I really am struggling to see the benefits of MS test suite over the OSS equivalents. NUnit which is as old as the hills has been my right hand man for a couple of years now, I have dabbled in MBUnit and ashamedly have not even used xUnit for even one project (now on the to do list!). Unfortunately these have only been on my solo or PoC projects. As i work in .Net companies the fixation of TFS and the MS suite of tools linger.. no matter what country you are in.
The ease of use of some thing like NUnit compared to MS test is not at first apparent then you use both of them...
Both integrate with TD.Net and ReSharper... and i think that's where they stop. If you don't use either of those tools (you should if you are attempting to be TDD) then MS test may appear to be less friction as you can run the test from within VS. This is an illusion!
I personally think the NUnit test GUI is faster and nicer to use as i can see everything at a glance and my whole solution is not required to be rebuilt very time i want to run a test (Arrrrrgggh!)
Take for example the graphical representation of your tests:
versus the test view in VS
As most of us write more the 30 test having a window with one column showing all test is a little silly.
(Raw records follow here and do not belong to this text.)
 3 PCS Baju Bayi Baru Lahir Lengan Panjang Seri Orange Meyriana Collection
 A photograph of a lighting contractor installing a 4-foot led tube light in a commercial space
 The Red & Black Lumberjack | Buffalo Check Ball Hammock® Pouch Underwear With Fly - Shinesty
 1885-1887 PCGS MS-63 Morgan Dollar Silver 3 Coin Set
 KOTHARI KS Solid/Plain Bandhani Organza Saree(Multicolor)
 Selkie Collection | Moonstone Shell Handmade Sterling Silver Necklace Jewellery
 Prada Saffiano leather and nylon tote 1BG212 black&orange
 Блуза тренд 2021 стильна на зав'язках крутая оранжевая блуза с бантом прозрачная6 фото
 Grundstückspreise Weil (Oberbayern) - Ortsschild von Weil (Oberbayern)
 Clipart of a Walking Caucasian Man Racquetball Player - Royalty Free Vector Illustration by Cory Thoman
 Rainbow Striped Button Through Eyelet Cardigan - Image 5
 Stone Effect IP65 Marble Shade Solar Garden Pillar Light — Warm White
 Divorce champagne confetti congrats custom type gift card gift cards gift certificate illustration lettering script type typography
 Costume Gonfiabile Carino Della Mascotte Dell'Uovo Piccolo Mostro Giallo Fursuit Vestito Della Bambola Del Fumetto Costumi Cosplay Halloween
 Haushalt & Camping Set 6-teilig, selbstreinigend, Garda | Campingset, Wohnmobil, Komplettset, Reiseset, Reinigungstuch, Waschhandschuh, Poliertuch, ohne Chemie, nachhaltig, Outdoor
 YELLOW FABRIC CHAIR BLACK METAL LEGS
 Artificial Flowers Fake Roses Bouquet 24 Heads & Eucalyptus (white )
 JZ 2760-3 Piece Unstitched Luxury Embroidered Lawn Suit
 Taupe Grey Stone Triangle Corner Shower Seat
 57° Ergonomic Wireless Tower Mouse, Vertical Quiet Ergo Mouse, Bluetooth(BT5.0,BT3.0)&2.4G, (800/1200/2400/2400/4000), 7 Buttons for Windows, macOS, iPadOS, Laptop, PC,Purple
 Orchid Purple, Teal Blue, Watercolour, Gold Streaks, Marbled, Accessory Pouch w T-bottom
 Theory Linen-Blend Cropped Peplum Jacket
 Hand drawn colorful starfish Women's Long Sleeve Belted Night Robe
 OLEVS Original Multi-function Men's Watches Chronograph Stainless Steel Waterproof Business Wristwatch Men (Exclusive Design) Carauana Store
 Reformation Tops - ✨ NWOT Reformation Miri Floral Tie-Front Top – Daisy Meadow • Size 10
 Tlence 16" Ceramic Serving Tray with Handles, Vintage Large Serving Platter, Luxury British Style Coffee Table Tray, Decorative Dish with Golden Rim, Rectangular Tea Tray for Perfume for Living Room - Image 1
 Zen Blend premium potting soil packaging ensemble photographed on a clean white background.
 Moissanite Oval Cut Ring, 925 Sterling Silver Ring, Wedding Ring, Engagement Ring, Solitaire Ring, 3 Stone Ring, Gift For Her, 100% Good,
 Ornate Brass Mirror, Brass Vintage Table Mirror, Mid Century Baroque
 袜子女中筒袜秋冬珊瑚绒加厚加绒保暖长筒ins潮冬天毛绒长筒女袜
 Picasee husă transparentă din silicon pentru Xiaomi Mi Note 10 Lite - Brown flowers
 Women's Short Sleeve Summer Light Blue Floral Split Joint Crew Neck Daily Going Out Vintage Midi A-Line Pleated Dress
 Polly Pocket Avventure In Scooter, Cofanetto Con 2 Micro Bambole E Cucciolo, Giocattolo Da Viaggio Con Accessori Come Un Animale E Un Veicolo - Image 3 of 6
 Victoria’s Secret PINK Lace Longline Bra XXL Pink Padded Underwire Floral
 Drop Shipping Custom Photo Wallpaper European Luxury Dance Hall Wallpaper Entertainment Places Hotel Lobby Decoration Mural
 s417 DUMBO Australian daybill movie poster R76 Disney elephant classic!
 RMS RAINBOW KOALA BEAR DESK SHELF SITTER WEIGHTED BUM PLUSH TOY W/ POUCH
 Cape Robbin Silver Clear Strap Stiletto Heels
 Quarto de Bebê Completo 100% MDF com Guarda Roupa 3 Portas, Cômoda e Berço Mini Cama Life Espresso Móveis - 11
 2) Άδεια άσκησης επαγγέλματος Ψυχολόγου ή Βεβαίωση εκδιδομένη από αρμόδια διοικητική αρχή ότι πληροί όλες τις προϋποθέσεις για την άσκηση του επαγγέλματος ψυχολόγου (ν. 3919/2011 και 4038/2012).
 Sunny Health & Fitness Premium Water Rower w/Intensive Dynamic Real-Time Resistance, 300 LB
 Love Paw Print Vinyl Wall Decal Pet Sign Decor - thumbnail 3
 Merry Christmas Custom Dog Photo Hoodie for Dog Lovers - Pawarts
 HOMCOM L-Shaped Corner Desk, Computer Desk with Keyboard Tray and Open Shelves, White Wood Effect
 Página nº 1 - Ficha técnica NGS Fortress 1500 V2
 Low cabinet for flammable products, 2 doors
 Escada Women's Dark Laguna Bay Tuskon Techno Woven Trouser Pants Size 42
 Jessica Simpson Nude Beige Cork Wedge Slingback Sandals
It also shows all test for the whole solution....
Most importantly running units test as part of the build process with NUnit is trivial. I use NAnt at home and MSbuild at work. Getting NUnit to run as part of a build process was trivial.. can the same be sad for MSTest... no. Can it be done? Sure, I guess so, but I will never find out because I have better things to do then bend and mold software to fit my ridiculously simple requirements, I would rather just use the software that works as it should.
If you are using MS test I would strongly recommend rethinking that descision. I dont think you can be effectively Test Driven with that tool set so get a tool set that help you not hinders.
1 comment:
I Agree that the unit test support could be better, again what you are using is essentially a V 1.0 release, it should get better and has to some degree in 2008. For me the real benefit is the wide-range of unit tests available in the suite, you have unit test, web load tests, web UI test, and with the DataDude, you can have Stored procedure unit tests, integration tests across parts of the application, and seamless integration with MSBuild and TFS (Continuous integration).
You can get a better experience with NANT, and NUNIT, Watir, etc... however unless you have already used ALT.NET this built-in approach does save you time and energy across the board while not matching the feature sets across the divide.